Serge Farnel : Il y a maintenant suffisamment de témoignages permettant de nous faire comprendre que c’est bien l’armée française qui était derrière cette organisation. Les rescapés ne nous parlent eux que de soldats blancs, sachant qu’ils ne sont bien sûr pas en mesure de savoir que ces soldats blancs qu’ils aperçurent ces 12 et 13 mai étaient français. C’est du côté des génocidaires que l’on comprend qu’ils étaient bien français. Il y a également dans le livre un témoignage nous indiquant le lien qu’il y avait entre ces hommes du 13 mai et ceux de Turquoise. Aussi la question de savoir si ces soldats français du 13 mai étaient ou non des mercenaires est une fausse question.

C’est un leurre destiné à nous faire penser que la grande question ne serait toujours pas résolue. Classique. Et puis, imaginez-vous vraiment que des soldats français aient ainsi opéré au côté de soldats rwandais le 13 mai sans que l’état-major personnel de François Mitterrand n’ait été au courant ? Rappelons, à toute fin utile, qu’un envoyé des forces génocidaires, un certain Ephrem Rwabalinda, était au même moment (du 9 au 13 mai 1994) à Paris au côté du général français Huchon, s’accordant notamment sur la livraison d’un téléphone crypté afin que ce dernier puisse converser en toute sécurité avec le chef d’état-major des Forces armées rwandaises, dont les hommes massacraient au même moment les civils tutsi de Bisesero au côté de ces soldats français. Et puis sachez que nous avons d’autres témoignages que mon éditeur est en train de recouper et qui enfoncent le clou de façon définitive. Je vous le dis.

La couverture du livre « Rwanda, 13 mai 1994. Un massacre français ? »

IGIHE : Votre éditeur poursuit l’enquête ?

Absolument. C’est une co-édition entre les éditions Aviso et l’Esprit frappeur. Il y a d’un côté Michel Sitbon (L’esprit frappeur), une véritable conscience incarnée. C’est un visionnaire. Il a toujours un coup d’avance. Quand je suis revenu avec les premiers témoignages filmés racontant cette participation directe des soldats français au génocide, il m’a semblé que je perdais mon temps à vouloir les lui montrer tellement ça lui paraissait évident. Il l’avait tant senti. Aviso, c’est Bruno Boudiguet. Un type fantastique. Ces deux-là m’ont donné le courage qu’il fallait pour finir de consigner dans l’Histoire ce qu’on m’avait confié.

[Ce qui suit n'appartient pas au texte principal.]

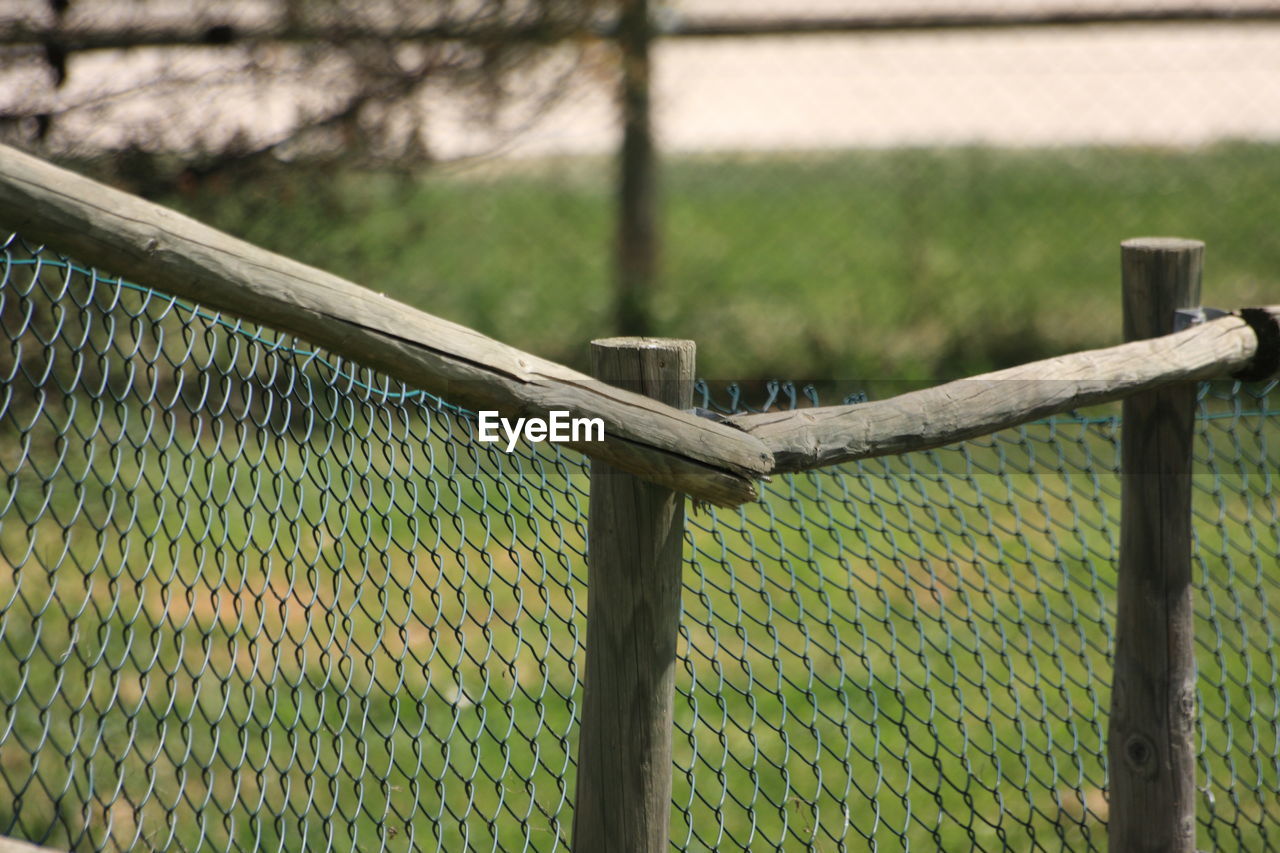 Close-up of chainlink fence on field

C’est Bruno qui poursuit l’enquête. Et il ne lâche pas la bête ! Ca je vous le dis. Il est pire que moi au niveau détermination. Ca va me permettre de souffler. Pour la petite histoire : il s’est rendu cet été au Rwanda, a recueilli des témoignages qui ont confirmé cette participation active de soldats français au massacre de Bisesero le 13 mai. Mais rendez-vous compte : il a appris que cette histoire était déjà racontée il y a dix-huit ans ! Mais pas rendue publique pour autant.

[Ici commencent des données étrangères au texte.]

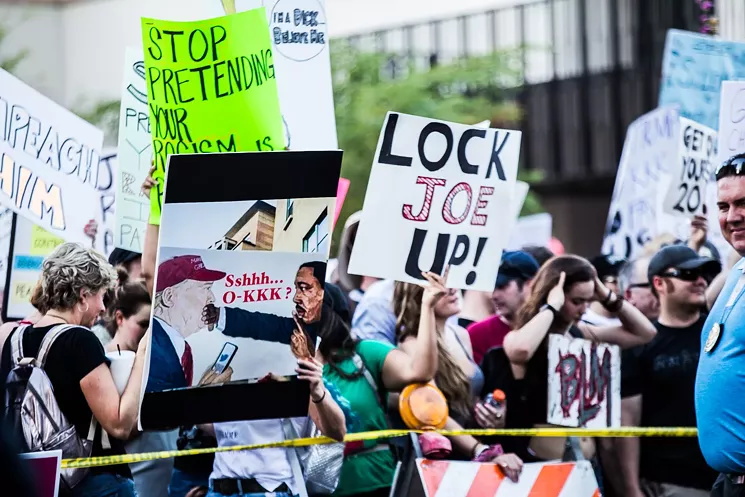 Protesters made it clear they weren't in favor of a pardon for Joe Arpaio during President Trump's visit to Phoenix. - ZEE PERALTA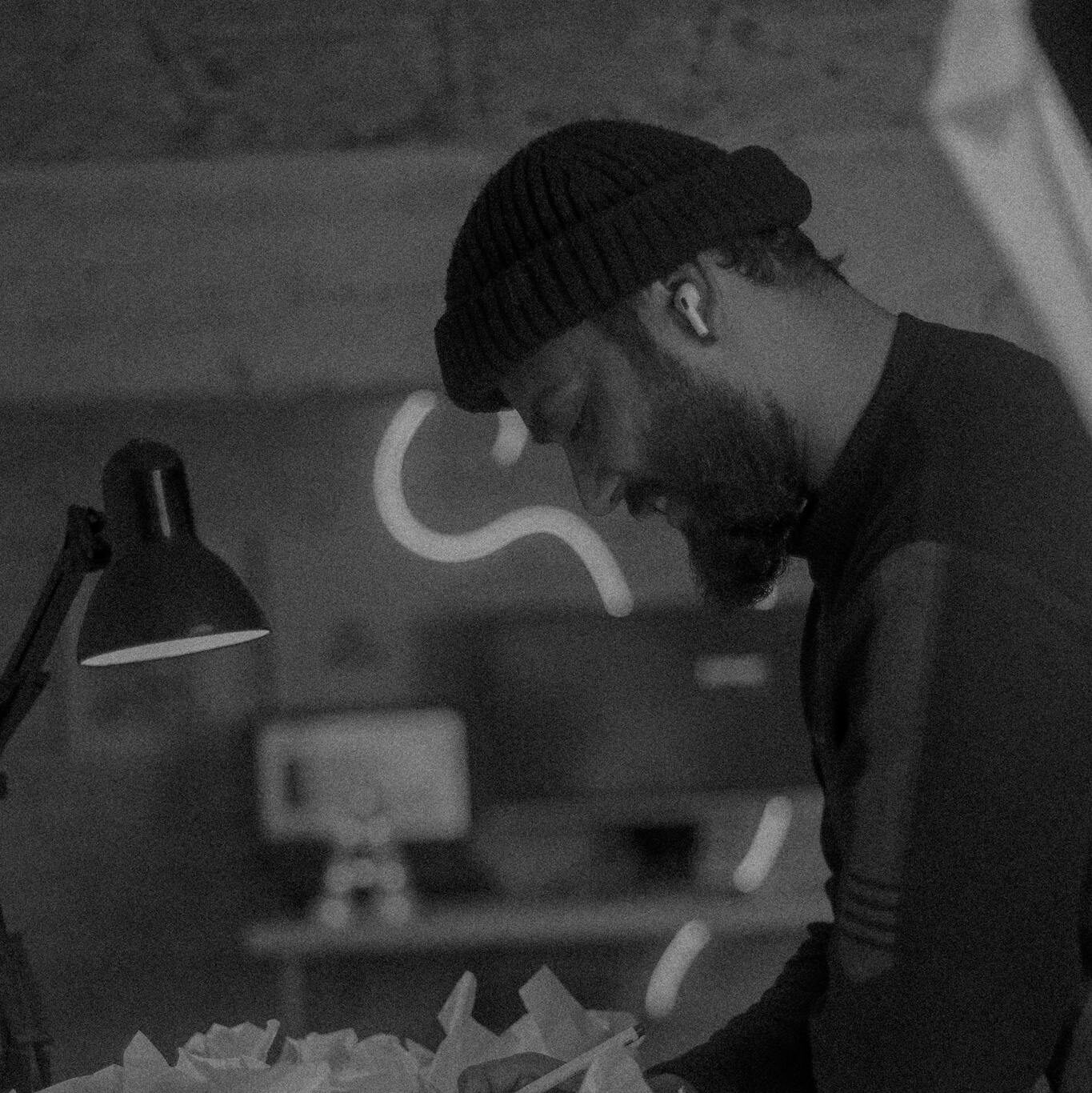 Black and white photo of a man writing in a dimly lit workspace with crumpled paper.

En fait voilà ce qui s’est passé : mon éditeur a voulu en savoir davantage sur un massacre qui a eu lieu pendant le génocide à Karongi, pas loin de Bisesero. Même si le sujet n’était pas celui de Bisesero, il a pris l’initiative de montrer mon livre à un des témoins qui lui a tout de suite dit qu’il connaissait cette histoire de la participation de soldats blancs au massacre du 13 mai à Bisesero, mais pas depuis peu, non, depuis dix-huit ans ! Il se trouve qu’un rescapé lui en avait effectivement parlé à cette période. Mon éditeur parvient à retrouver cette personne qui est un témoin direct du massacre du 13 mai. Il le filme, le témoin racontant précisément l’histoire qu’on m’a raconté à partir de 2009. Comme quoi, il en aura fallu de peu que cette histoire ne soit racontée qu’entre quelques personnes.